Do Unii trafiło w omawianym okresie dwie trzecie polskiego eksportu, natomiast wartość towarów sprzedanych w Polsce stanowiła zaledwie 4 proc. wartości eksportu UE do krajów trzecich.
Wśród krajów przystępujących do Unii Polska miała z nią w zeszłym roku największe obroty, ale polski eksport do UE był niewiele więcej wart od eksportu 10-milionowych Czech. Import był o jedną trzecią wyższy od czeskiego, wskutek czego Polska notowała wciąż spory deficyt w porównaniu ze znaczną nadwyżką Czech.

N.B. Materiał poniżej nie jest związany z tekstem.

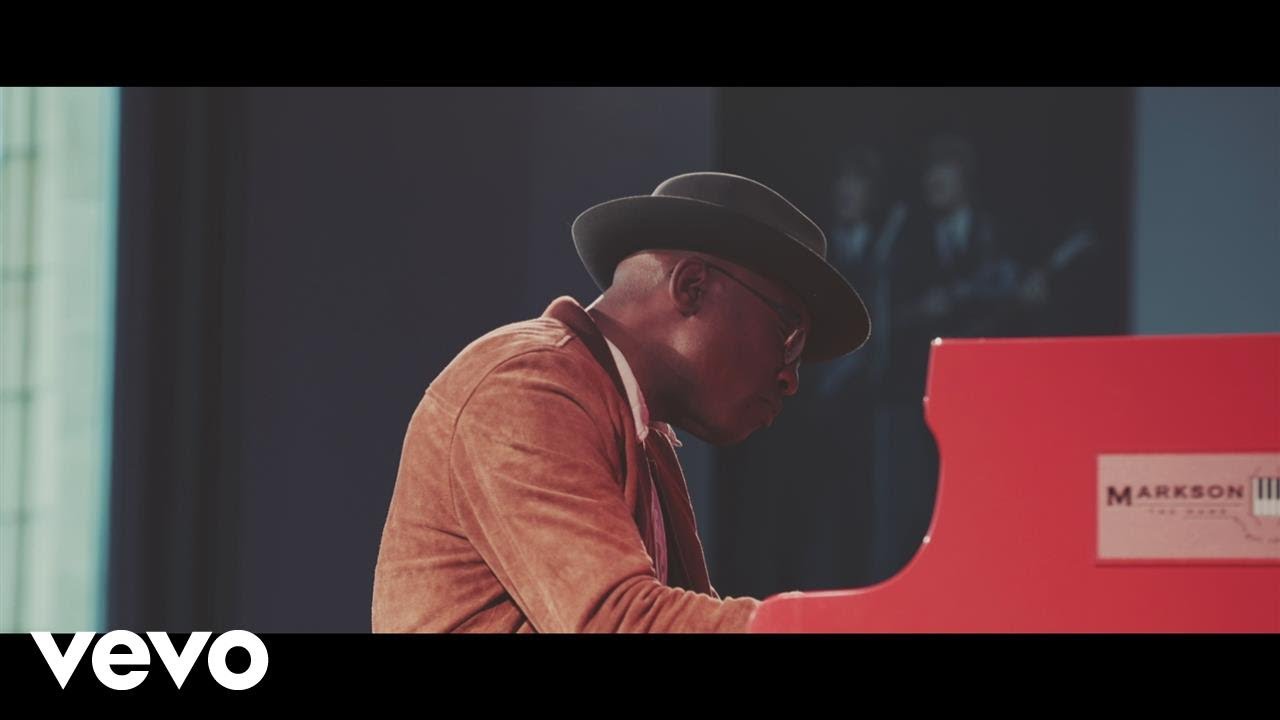 Alexis Ffrench - Have Yourself A Merry Little Christmas Alexis Ffrench - Have Yourself A Merry Little Christmas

Pod względem wartości eksportu do UE wyprzedzają Polskę USA (ich obroty z Unią wyraźnie spadły, ale nadal przewyższają 300 mld euro w obie strony i Unia zachowuje ogromną nadwyżkę), Chiny, Szwajcaria, Japonia, Rosja i Norwegia (dwa ostatnie kraje głównie dzięki ropie naftowej i gazowi ziemnemu).